Als Rechtsgrundlage für den geltend gemachten Anspruch hat das Oberverwaltungsgericht § 32 WG LSA herangezogen. Soweit hier von Interesse, bestehen nach dieser irrevisiblen Vorschrift alte Rechte fort, wenn sie nach dem Wassergesetz der DDR vom 17. April 1963 (GBl I S. 77) oder nach dem Wassergesetz der DDR vom 2. Juli 1982 (GBl I S. 467) in einem durch diese Gesetze geordneten Verfahren aufrechterhalten worden sind und am 1. Juli 1990 rechtmäßige Anlagen zur Ausübung des Rechts vorhanden waren. Sind diese Voraussetzungen nicht erfüllt, erlöschen die alten Rechte. Die Vorschrift ordnet nur positiv den Fortbestand bestimmter alter Rechte an, ohne ausdrücklich die allerdings selbstverständliche Kehrseite auszusprechen, dass die davon nicht erfassten Rechte nicht mehr bestehen, mithin erlöschen. Dieses Verständnis der Vorschrift hat das Oberverwaltungsgericht seiner Entscheidung ersichtlich zugrunde gelegt.

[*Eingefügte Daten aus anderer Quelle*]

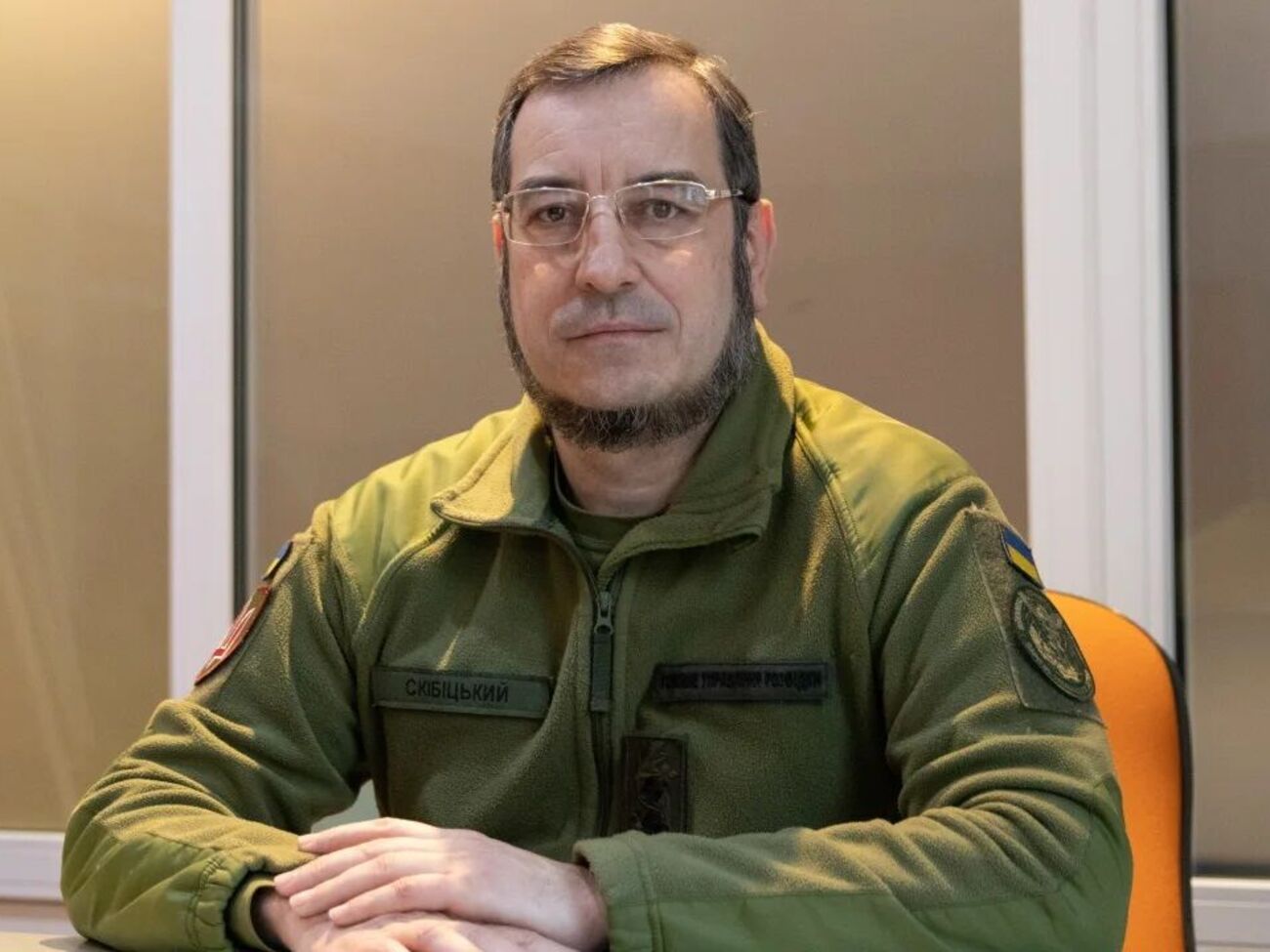 Украина пытается поразить наиболее критические объекты в РФ, отметил Скибицкий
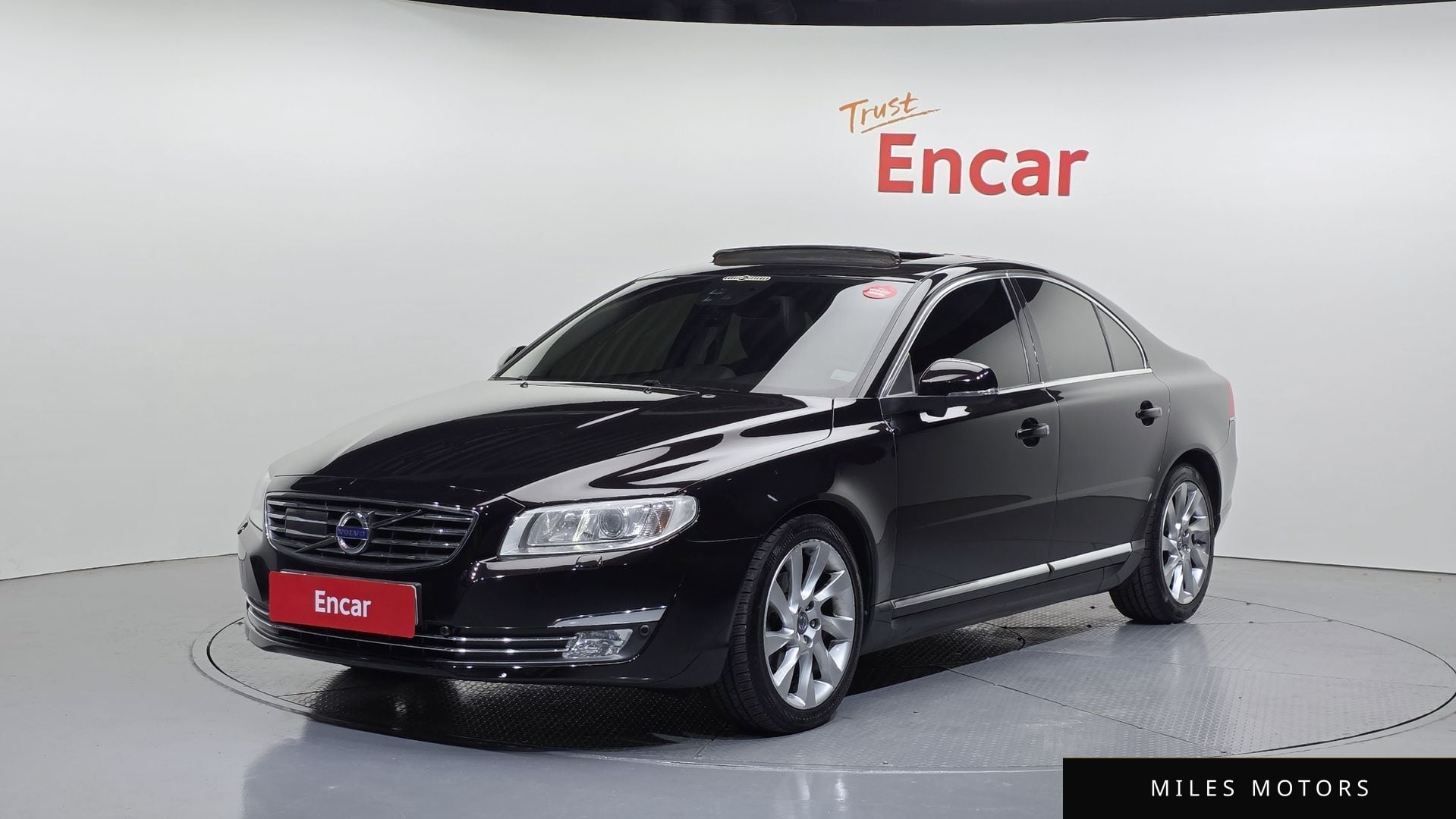 Volvo S80 2015 — фото 1 из 12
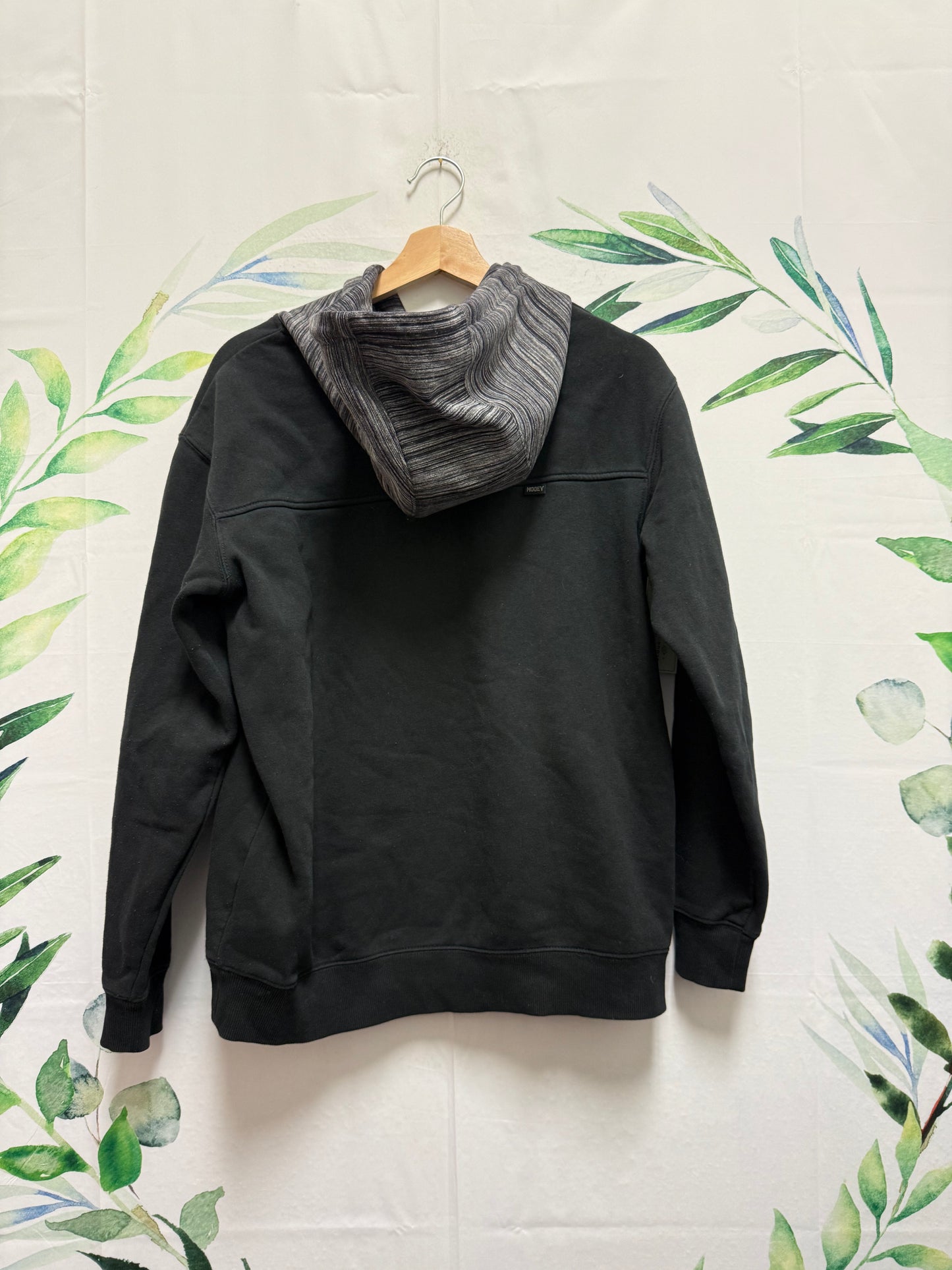 Hooey Lock Up Hoodie (S)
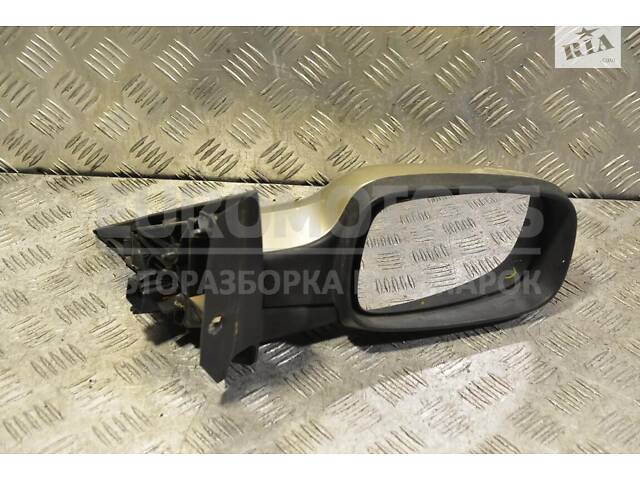 Зеркало правое электр 10 пинов Renault Scenic (II) 2003-2009 1235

Das Oberverwaltungsgericht hat die irrevisible Bestimmung des § 32 WG LSA für den Senat verbindlich dahin ausgelegt, dass es nicht ausreicht, wenn das alte Recht nach Maßgabe der Wassergesetze der DDR nur kraft Gesetzes aufrechterhalten geblieben ist. Vielmehr muss die zuständige Behörde ausdrücklich über die Fortgeltung des Rechts positiv entschieden haben. Dieser behördlichen Entscheidung muss ein besonderes Verwaltungsverfahren mit einer einzelfallbezogenen Überprüfung der Gewässernutzung in wasserrechtlicher Hinsicht vorausgegangen sein. Nach dem Zusammenhang der Entscheidungsgründe hat das Oberverwaltungsgericht § 32 WG LSA dahin verstanden, dass diese Voraussetzungen unabhängig davon erfüllt sein müssen, ob die Wassergesetze der DDR ein solches Verfahren mit abschließender ausdrücklicher Entscheidung überhaupt vorgesehen haben und ob ein Verfahren oder eine abschließende Entscheidung entgegen bestehenden Vorschriften, sei es im Einzelfall, sei es generell, unterblieben sind. Von diesem Ausgangspunkt aus ist das Oberverwaltungsgericht folgerichtig und ohne den behaupteten Verstoß gegen die Pflicht zur Aufklärung des Sachverhalts nicht der Behauptung nachgegangen, in der DDR sei überhaupt kein geordnetes Verfahren zur Überprüfung angemeldeter Altrechte vorgesehen gewesen; Überprüfungen in einem derartigen Verfahren und sie abschließende Entscheidungen habe es in der Rechtswirklichkeit der DDR nicht gegeben. Für die revisionsgerichtliche Überprüfung ist deshalb davon auszugehen, dass nach § 32 WG LSA alte Rechte auch dann erlöschen, wenn es in der DDR keine Verfahren zu ihrer Überprüfung gegeben hat, welche den Anforderungen des § 32 WG LSA genügen.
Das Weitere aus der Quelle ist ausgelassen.